The main features of the Btrfs filesystem are:

i) Extent based file storage: In an extent based filesystem, the storage unit is called an extent. An extent is a contiguous area of storage that is reserved for a file. One file requires one extent, no matter how small the file is. For larger files (file size larger than the extent size), multiple extents will be required. For larger files, metadata will be used to keep track of the extents the file are using. In the Btrfs filesystem, the metadata is significantly smaller in size. Smaller metadata improves storage efficiency and the performance of the filesystem.

ii) Huge file size support: In a Btrfs filesystem, a single file can be about 264 bytes or 16 EiB (exbibytes) in size. No matter how big your file becomes, Btrfs can support it.

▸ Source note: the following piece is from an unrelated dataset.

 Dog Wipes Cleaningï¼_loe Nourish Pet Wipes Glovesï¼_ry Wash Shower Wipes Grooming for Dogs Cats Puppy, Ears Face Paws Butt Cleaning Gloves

iii) Space-efficient packaging of small files: Normally, no matter how small a file is, it will require one block or one extent to store the file. This wastes a lot of disk space. To solve this problem, the Btrfs filesystem embeds smaller files in the metadata to store smaller files efficiently.

iv) Space-efficient indexed directories: The btrfs filesystem directories are indexed in two different ways. For filename lookup, key-based indexing is used. To reference data, inode-based key indexing is used. Two-level indexing improves directory/file lookup performance and reduces storage requirements for the indexes.

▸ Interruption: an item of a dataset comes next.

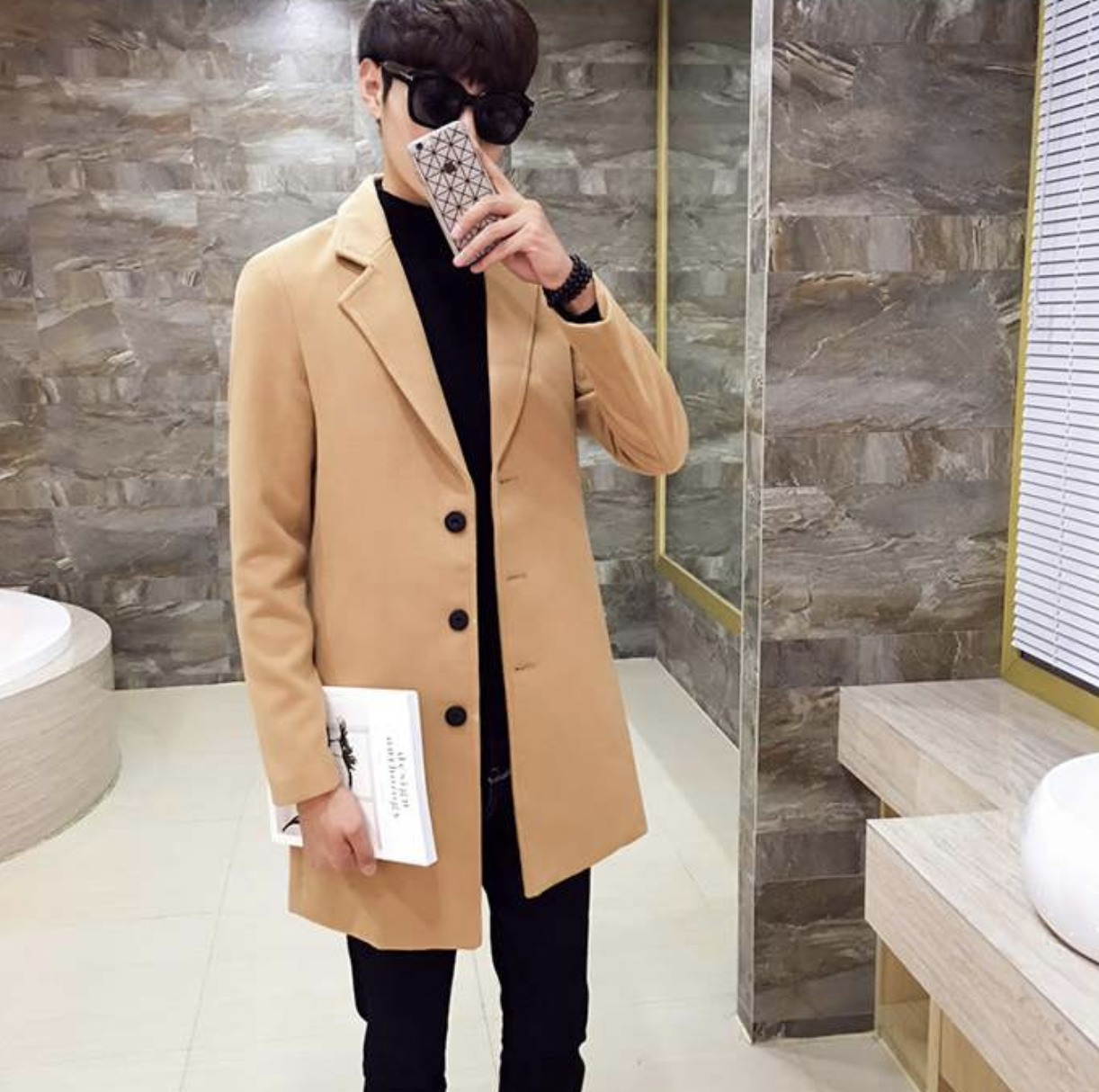 เสื้อโค้ทผู้ชาย สไตล์เกาหลี ทรงคลาสสิค ใส่ง่ายเข้ากับทุกชุด กันหนาวได้ดี พร้อมส่ง สีครีมน้ำตาล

v) Dynamic inode allocation: You need 1 inode to reference 1 file. Many filesystems (i.e., Ext4) have a fixed number of inodes. So, if you create too many small files, you may have a lot of space left on your disk, but you won’t be able to create any new files. You also can’t increase the maximum number of inodes once the filesystem is created.

Btrfs solves this problem by allocating inodes dynamically as they are required. So, you can create as many files as you want as long as you have free disk space.

vi) Writable snapshots and read-only snapshots: The Btrfs filesystem supports snapshots. You can take a snapshot of the current filesystem, which you can use to restore your data if you have accidentally removed some files or corrupted some data.

By default, the btrfs snapshots are read-only. Once you’ve taken a read-only snapshot, you can’t change any files/directories in that snapshot. In any case, if you want to change any files/directories after you have taken a snapshot of your existing Btrfs filesystem, you can change the read-only snapshot to a writable snapshot and modify any files/directories in that snapshot.

vii) Subvolumes: A Btrfs filesystem can have many subvolumes. A subvolume is a named binary tree (B-tree) (or internal/logical filesystem root) of the existing filesystem root tree (main) of the btrfs filesystem. A subvolume is not a block device of its own. But, you can mount Btrfs subvolumes individually. You can think of subvolumes as namespaces.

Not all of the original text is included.